>>>>

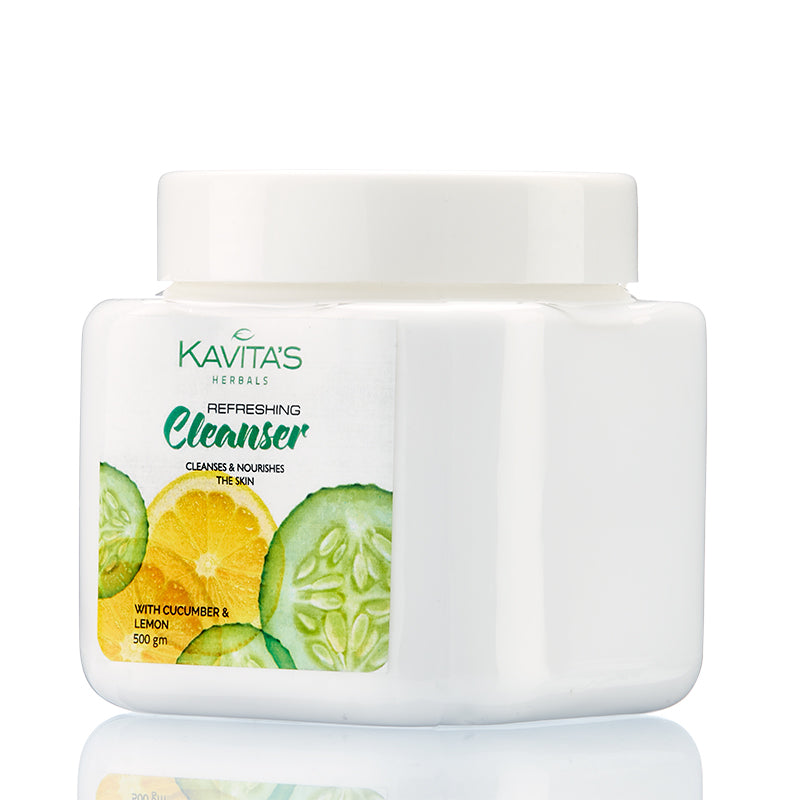 Refreshing Cleanser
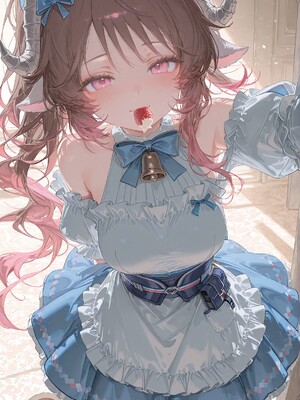 [Starsay] eyjafjalla 艾雅法拉_138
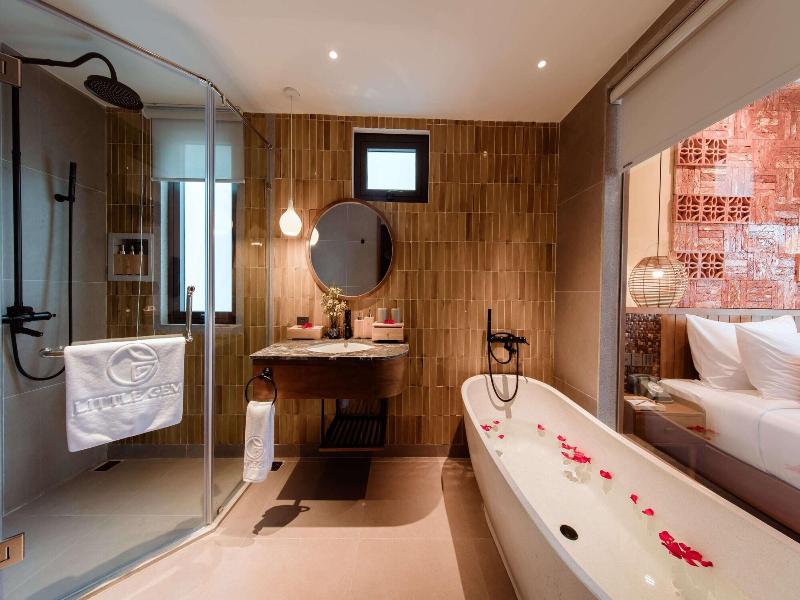 Little Gem An Eco-friendly Boutique Hotel and Spa image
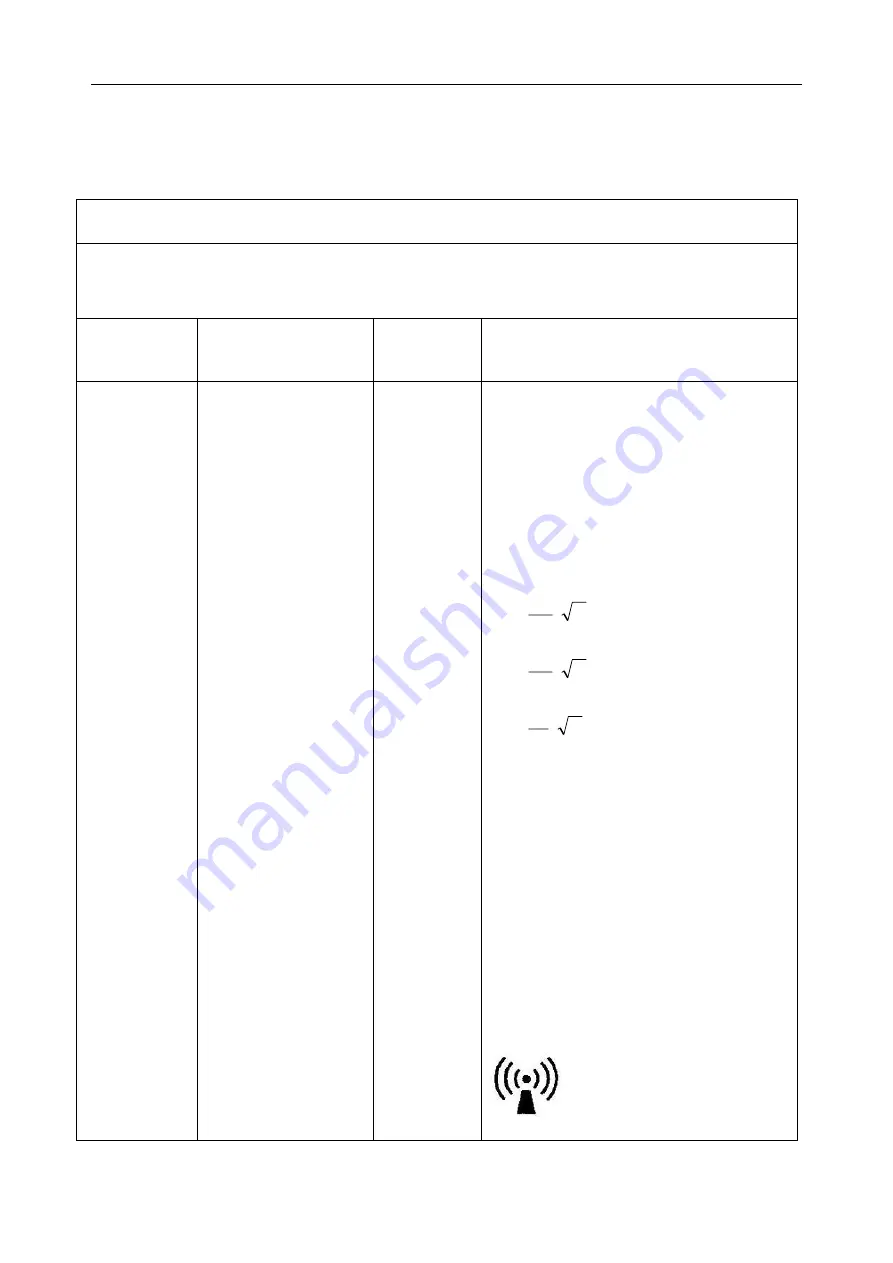 EDAN CADENCE II User Manual Download Page 75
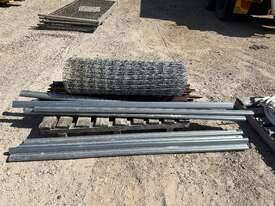 1 x Pallet of Fencing Gear - picture1' - Click to enlarge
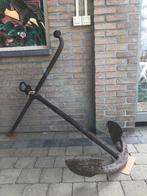 Antiek Groot Stokanker (1899), Tuin en Terras, Tuinbeelden, Ophalen, Metaal, Overige typen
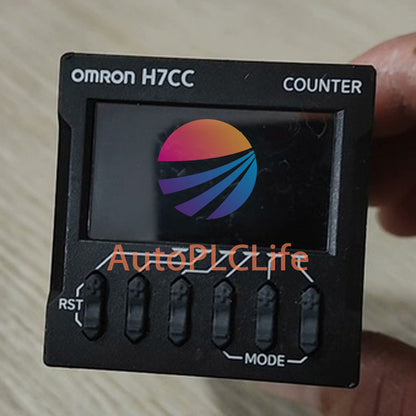1PCS Omron H7CC-A11 AC100-240V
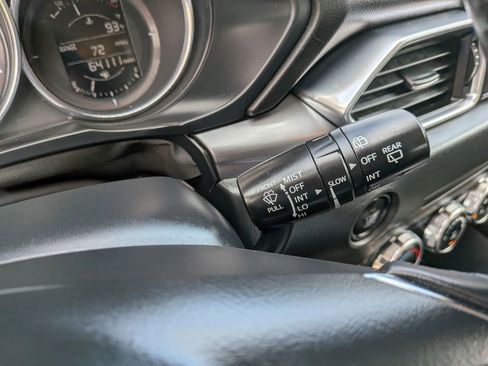 Used 2018 MAZDA CX-5 Sport AWD/4WD image 42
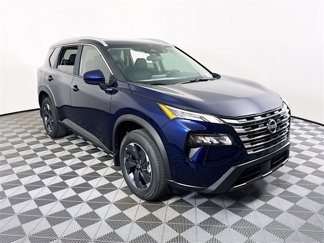 New 2026 Nissan Rogue SV w/ SV Premium Package image 1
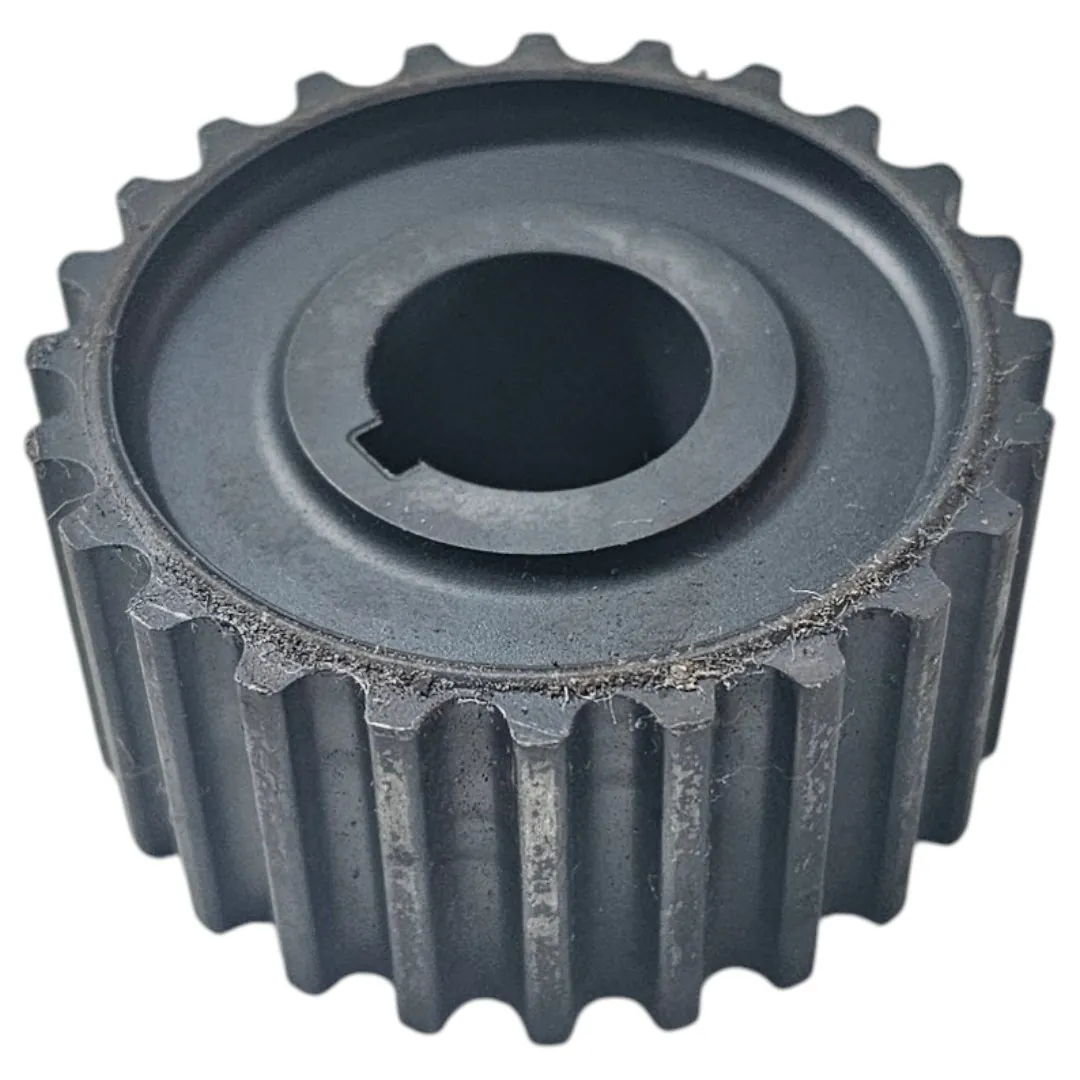 Polia engrenagem bomba alta S10 2.8 200CV 2017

<<<<

_TASK_
Return verbatim every line from the one holding "Used 2018 MAZDA CX-5 Sport AWD/4WD image 42" to the end of the records above. Do not copy the pictures.

_ANSWER TO THIS TASK_
 Used 2018 MAZDA CX-5 Sport AWD/4WD image 42
 New 2026 Nissan Rogue SV w/ SV Premium Package image 1
 Polia engrenagem bomba alta S10 2.8 200CV 2017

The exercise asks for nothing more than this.